The study protocol was approved by the institutional review boards at the University of California, Davis, and the Aga Khan University (AKU) in Karachi. The study area was Rehri Goth, a poor, semirural community located 50 km from Karachi. All of the defined area was included in the house-to-house survey when enrolling pregnant women, 2000–2002, and the same method was adopted in the survey in 2005. Traditional birth attendants were the main source of maternal care during pregnancy and labor.

Study setting

Rehri Goth is a coastal fishing village in Pakistan with a population of > 35,000 residents. More than 40% of the population is poor, using the definition of having an annual income of 625 rupees (Rs) per capita [International Union for Conservation of Nature (IUCN) 2003]. The area is deficient in basic utility services, transportation, and health services (Hasan 2002; IUCN 2003). More than 60% of men and 90% of women have received no formal schooling or education (IUCN 2003). Educational institutions beyond the primary and secondary levels are not present in the area. Primary health care is provided through a rural health center, mainly for immunization and minor clinical problems. The main occupation of the residents is fishing. About half of the population uses wood as fuel for cooking and heating (Hasan 2002).

Selection of study sample

All married women 15–45 years of age who delivered a singleton live birth during 2000–2002 were included. Pregnancies were identified by interviewing women during house-to-house surveys in 2000–2002. A total of 1,111 women with at least one child < 5 years of age were identified in the area. A total of 817 of these women could be matched with birth record data at AKU (Figure 1) by using specific identification numbers; names of the head of the household, participant, and spouse; age of the child; house address; and neighborhood. Any pregnancy that ended during 2000–2002 was defined as the index pregnancy; this was the last pregnancy when a woman delivered twice during this period.
Figure 1

Attainment of final sample size.

Interview in 2004–2005

The questionnaire was pilot tested in a sample of women [n = 30; 15 wood and 15 natural gas (NG) users] who were not part of the cohort but had at least one child < 5 years of age. Informed, signed consent was obtained before every interview. Interviews were conducted in Urdu with all willing participants who could be located and who were willing to participate.

Exposure data

We ascertained each participant’s type of fuel use, both at the time of interview and during the index pregnancy, and any changes in type of fuel since the pregnancy. The type of stove, cooking area, presence of a chimney, and exhaust or window in the kitchen also were ascertained by interview. Reported fuel use during the index pregnancy was also determined by asking the duration of (current) fuel use in years. Cooking frequency, its duration, and type of fuel, and fuel-burning duration per day, number of persons who cooked and for whom cooking was done, and duration of the participant’s stay in the kitchen while fuel was burning were solicited. These interviews were conducted after the survey to provide exposure characterization of fuel use.

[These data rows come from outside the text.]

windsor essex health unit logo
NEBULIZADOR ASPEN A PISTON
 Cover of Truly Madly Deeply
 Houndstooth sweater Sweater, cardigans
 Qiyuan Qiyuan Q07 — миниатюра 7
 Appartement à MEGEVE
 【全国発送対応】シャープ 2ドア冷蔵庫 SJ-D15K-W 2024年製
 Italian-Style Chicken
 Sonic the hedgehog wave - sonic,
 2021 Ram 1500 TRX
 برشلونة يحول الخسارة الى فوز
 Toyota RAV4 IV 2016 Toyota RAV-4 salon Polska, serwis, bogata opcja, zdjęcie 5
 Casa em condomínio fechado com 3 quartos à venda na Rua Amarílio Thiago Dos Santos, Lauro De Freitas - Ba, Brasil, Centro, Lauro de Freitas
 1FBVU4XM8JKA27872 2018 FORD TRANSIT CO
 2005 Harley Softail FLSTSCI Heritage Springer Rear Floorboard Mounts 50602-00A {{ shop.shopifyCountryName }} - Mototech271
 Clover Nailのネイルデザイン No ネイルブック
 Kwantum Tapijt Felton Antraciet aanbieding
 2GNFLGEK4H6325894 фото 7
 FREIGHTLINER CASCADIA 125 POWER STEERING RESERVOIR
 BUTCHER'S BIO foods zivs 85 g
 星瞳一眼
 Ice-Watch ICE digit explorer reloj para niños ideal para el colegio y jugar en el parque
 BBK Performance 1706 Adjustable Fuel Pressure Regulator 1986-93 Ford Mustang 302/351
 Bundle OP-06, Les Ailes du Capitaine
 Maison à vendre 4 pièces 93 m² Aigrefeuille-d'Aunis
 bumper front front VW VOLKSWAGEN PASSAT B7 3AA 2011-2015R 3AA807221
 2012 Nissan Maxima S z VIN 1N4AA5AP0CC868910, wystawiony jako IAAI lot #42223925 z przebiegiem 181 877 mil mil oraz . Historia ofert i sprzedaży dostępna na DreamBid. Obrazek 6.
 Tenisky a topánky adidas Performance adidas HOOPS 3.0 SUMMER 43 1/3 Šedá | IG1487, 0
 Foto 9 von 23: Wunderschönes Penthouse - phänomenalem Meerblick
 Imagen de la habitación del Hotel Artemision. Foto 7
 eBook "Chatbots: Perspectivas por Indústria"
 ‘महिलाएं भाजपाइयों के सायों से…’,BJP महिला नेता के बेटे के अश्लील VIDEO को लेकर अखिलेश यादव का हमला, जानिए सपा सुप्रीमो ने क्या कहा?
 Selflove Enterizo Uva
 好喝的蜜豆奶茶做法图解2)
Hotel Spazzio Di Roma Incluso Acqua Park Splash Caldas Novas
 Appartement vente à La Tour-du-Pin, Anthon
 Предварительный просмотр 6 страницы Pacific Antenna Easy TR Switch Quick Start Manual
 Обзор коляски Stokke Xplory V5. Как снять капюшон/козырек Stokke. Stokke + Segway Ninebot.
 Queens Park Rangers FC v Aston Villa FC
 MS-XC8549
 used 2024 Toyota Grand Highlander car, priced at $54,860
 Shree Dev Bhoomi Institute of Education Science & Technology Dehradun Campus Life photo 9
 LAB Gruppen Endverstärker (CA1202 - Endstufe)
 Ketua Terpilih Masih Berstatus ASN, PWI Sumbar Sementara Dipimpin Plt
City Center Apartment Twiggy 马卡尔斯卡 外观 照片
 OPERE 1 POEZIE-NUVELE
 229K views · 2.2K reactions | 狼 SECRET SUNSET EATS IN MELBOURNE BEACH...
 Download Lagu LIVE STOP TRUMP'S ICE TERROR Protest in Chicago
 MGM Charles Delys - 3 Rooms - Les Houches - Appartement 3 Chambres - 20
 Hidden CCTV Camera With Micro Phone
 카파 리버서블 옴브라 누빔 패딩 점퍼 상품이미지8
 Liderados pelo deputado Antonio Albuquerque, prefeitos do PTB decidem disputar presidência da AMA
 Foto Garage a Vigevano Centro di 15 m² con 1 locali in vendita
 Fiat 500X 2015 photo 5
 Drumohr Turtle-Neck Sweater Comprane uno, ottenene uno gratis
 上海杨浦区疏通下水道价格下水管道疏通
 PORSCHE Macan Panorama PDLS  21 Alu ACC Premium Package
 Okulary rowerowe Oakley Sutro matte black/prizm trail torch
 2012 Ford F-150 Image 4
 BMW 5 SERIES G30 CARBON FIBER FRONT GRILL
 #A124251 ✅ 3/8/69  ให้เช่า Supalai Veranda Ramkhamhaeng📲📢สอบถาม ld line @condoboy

This included the type of fuel used in index pregnancy and whether participants cooked food during pregnancy. Changes in type of fuel used could be frequent in this setting, as well as changes in duration of cooking, duration of fuel burning, and duration of proximity to burning fuel. Given the strong correlation between socioeconomic status and type of fuel (wood), detailed characterization of socioeconomic status was also necessary. Further lifestyle factors were not considered during the 2000–2002 survey.

Covariates

We ascertained maternal age in years, marital status, number of family members, house type (straw/mix of straw and bricks/bricks only) and number of rooms, source of water, type of sanitation, monthly income, and occupation and education of spouse and participant. Maternal daytime work and rest duration and the smoking habits of all household members for number, frequency, and duration of use of cigarettes, beedi (locally made cigar with tobacco rolled in tobacco leaf), and huqqa (burned smoke from charcoal and tobacco, passed through a water pipe and inhaled), inside and outside the house were also obtained. Interview data were also collected regarding frequency, location, and provider of prenatal care, immunizations and illnesses during the index pregnancy, and reproductive and neonatal outcomes. Trained workers used calibrated scales to measure the participants’ weight and height in light clothing and bare feet at the time of index pregnancy (2000–2002) and at the follow-up interview in 2005. Seca 872 digital scales (Seca, Hamburg, Germany) were used to measure weight with a precision of 100 g. Standard measuring tape was used to measure height with a precision of 10 mm. A Lange skin-fold caliper (Beta Technology Inc., Cambridge, MD, USA) was used to measure left arm triceps skin-fold thickness.

Data obtained from records

Maternal age, weight at the enrollment during pregnancy, height, gravida status, parity, and any major illness at the time of enrollment of index pregnancy were linked by identification numbers. Maternal interviews (2000–2002) were done by trained workers, and completed forms were checked by field supervisors for errors. Neonatal data included year of birth, infant sex, birth weight in kilograms, crown–heel length in centimeters, head circumference in centimeters, and day of assessment after birth. Gestational age (Parkin et al. 1976), was available for few infants (n = 221). Field teams from AKU comprise doctors, nurses, female health visitors, community coordinators, social workers, and locally recruited field workers. These records were obtained by field teams and trained field workers under the supervision of medical officers (doctors). Data were later entered into computer as double data entry under the supervision of a data management unit at AKU.

Outcome measurements

Field workers informed the field team or medical officers in the field-based health center about all births. Trained field workers measured infant birth weight by a Siltec electronic scale in kilograms (100 g precision), birth length (crown–heel) by a neonatometer (Johnson and Johnson Holtain Ltd., Crymlych, Wales), and head circumference in centimeters by a measuring tape. A random repeat check was done by medical officers on 5% of measurements. Most (91%) neonates were assessed within 48 hr of birth. LBW was defined as birth weight < 2,500 g, and ≥ 2,500 g denoted normal birth weight (NBW). High and low ponderal indices (PIs) were based on greater and less than one standard deviation of mean PI, respectively. PI = 100 × [birth weight in grams/length in cubic centimeters].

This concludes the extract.